3 Pourquoi ne me montrez-vous que des iniquités et des maux, des violences et des injustices ? Il y a des dissensions, et la contestation s'élève. 4 Par suite, la loi se meurt et la justice ne peut l'emporter ; parce que le méchant enveloppe le juste, le droit finit par être faussé. 5 Jetez les yeux sur les nations, et regardez ; soyez frappés de stupeur et d'étonnement ; car il va se faire dans vos jours une chose que nul ne croira lorsqu'il l'entendra dire. [5. Les événements qui commencent à se dérouler en cette fin du VIIe siècle sont tels que personne ne pourrait les croire s’il n'en était témoin.]
6 Je vais susciter les Chaldéens, nation féroce et fougueuse, qui court toutes les terres, pour s'emparer des maisons des autres. 7 Elle porte avec soi l'horreur et l'effroi ; c'est d'elle-même qu'émanent sa règle de conduite et sa grandeur. 8 Ses chevaux sont plus légers que les léopards, et plus vites que les loups du soir ; sa cavalerie se répandra, ses cavaliers viendront de loin, comme un aigle qui fond sur sa proie. 9 Ils viendront tous au butin ; la terreur marche devant eux ; et ils assembleront des troupes de captifs, comme des monceaux de sable. 10 Leur prince triomphera des rois, et il se rira des tyrans ; il se moquera de toutes les fortifications : il leur opposera des levées de terre, et il les prendra. 11 Puis l'ouragan, changeant de direction, passera et se rendra coupable. Sa force à lui, voilà son dieu ! 12 Mais n'est-ce pas vous, Seigneur, qui êtes dès le commencement, mon Dieu et mon saint ? Est-il possible, Seigneur, que vous ne sauviez de la mort ce peuple que vous avez établi pour exercer vos jugements, et que vous avez rendu fort pour châtier les coupables ?

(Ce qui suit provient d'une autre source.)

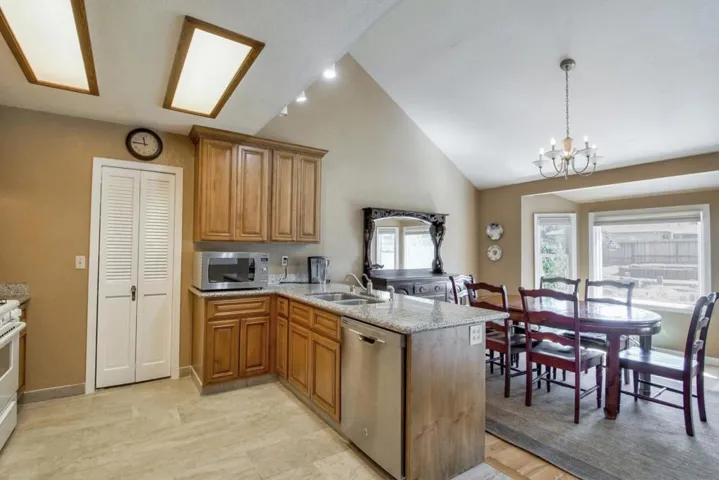 1031 Clearview Drive, Hollister, California 95023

13 Vos yeux sont trop purs pour souffrir le mal et regarder l'iniquité ; pourquoi donc supportez-vous la vue des scélérats, et demeurez-vous dans le silence, pendant que l'impie dévore ceux qui sont plus justes que lui ? 14 Et pourquoi traitez-vous les hommes comme des poissons de la mer, et comme des reptiles qui n'ont point de chef ? 15 L'ennemi va les enlever tous ; il les tire tous hors de l'eau avec l'hameçon ; il les entraîne tous dans son filet et les rassemble dans ses rets ; il triomphera ensuite, et il sera ravi de joie. 16 C'est pourquoi il offrira des victimes à son filet, et sacrifiera à ses rets ; parce qu'ils lui auront servi à accroître son empire et à se préparer une grasse nourriture. 17 C'est pourquoi il tient son filet toujours étendu, et ne cesse point de répandre le sang des peuples.